What you are asked to do |
Return verbatim the run of lines that opens with the line holding "Galiçya 'nın Pontevedra" and closes with the last line of the records.

Dataset items:
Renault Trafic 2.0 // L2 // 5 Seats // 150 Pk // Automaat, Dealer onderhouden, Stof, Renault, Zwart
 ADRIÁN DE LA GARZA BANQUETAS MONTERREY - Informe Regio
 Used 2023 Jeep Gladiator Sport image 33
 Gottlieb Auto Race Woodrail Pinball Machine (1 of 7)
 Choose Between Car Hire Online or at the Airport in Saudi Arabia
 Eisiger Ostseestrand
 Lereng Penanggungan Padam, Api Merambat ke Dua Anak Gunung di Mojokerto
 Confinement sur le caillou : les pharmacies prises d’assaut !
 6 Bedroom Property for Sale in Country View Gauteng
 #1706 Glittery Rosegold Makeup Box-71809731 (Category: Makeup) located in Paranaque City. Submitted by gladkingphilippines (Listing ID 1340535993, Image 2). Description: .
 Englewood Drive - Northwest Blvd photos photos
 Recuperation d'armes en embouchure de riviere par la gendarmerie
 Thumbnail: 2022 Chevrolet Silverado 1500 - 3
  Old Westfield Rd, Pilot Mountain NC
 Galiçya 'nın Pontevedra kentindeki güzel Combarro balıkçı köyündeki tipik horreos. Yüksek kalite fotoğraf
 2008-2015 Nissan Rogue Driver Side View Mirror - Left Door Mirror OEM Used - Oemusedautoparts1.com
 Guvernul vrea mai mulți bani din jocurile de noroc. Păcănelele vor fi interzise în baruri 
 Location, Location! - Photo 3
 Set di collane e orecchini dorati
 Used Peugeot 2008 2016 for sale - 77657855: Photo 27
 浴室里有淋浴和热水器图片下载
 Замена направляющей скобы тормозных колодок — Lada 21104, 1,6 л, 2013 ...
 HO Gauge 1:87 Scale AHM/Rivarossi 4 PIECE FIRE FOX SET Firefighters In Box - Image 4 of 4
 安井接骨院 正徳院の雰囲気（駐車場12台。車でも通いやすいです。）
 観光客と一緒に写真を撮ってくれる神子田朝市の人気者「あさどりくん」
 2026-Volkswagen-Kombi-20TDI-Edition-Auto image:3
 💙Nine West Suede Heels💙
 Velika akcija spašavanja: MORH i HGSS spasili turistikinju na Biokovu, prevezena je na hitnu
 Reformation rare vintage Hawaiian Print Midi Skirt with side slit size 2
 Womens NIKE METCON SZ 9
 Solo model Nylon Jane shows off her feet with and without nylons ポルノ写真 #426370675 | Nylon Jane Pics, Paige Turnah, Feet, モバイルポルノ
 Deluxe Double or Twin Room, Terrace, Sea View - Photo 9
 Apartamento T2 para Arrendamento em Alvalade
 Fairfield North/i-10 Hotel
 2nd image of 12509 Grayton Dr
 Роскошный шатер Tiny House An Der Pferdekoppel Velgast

Result of this task |
 Galiçya 'nın Pontevedra kentindeki güzel Combarro balıkçı köyündeki tipik horreos. Yüksek kalite fotoğraf
 2008-2015 Nissan Rogue Driver Side View Mirror - Left Door Mirror OEM Used - Oemusedautoparts1.com
 Guvernul vrea mai mulți bani din jocurile de noroc. Păcănelele vor fi interzise în baruri 
 Location, Location! - Photo 3
 Set di collane e orecchini dorati
 Used Peugeot 2008 2016 for sale - 77657855: Photo 27
 浴室里有淋浴和热水器图片下载
 Замена направляющей скобы тормозных колодок — Lada 21104, 1,6 л, 2013 ...
 HO Gauge 1:87 Scale AHM/Rivarossi 4 PIECE FIRE FOX SET Firefighters In Box - Image 4 of 4
 安井接骨院 正徳院の雰囲気（駐車場12台。車でも通いやすいです。）
 観光客と一緒に写真を撮ってくれる神子田朝市の人気者「あさどりくん」
 2026-Volkswagen-Kombi-20TDI-Edition-Auto image:3
 💙Nine West Suede Heels💙
 Velika akcija spašavanja: MORH i HGSS spasili turistikinju na Biokovu, prevezena je na hitnu
 Reformation rare vintage Hawaiian Print Midi Skirt with side slit size 2
 Womens NIKE METCON SZ 9
 Solo model Nylon Jane shows off her feet with and without nylons ポルノ写真 #426370675 | Nylon Jane Pics, Paige Turnah, Feet, モバイルポルノ
 Deluxe Double or Twin Room, Terrace, Sea View - Photo 9
 Apartamento T2 para Arrendamento em Alvalade
 Fairfield North/i-10 Hotel
 2nd image of 12509 Grayton Dr
 Роскошный шатер Tiny House An Der Pferdekoppel Velgast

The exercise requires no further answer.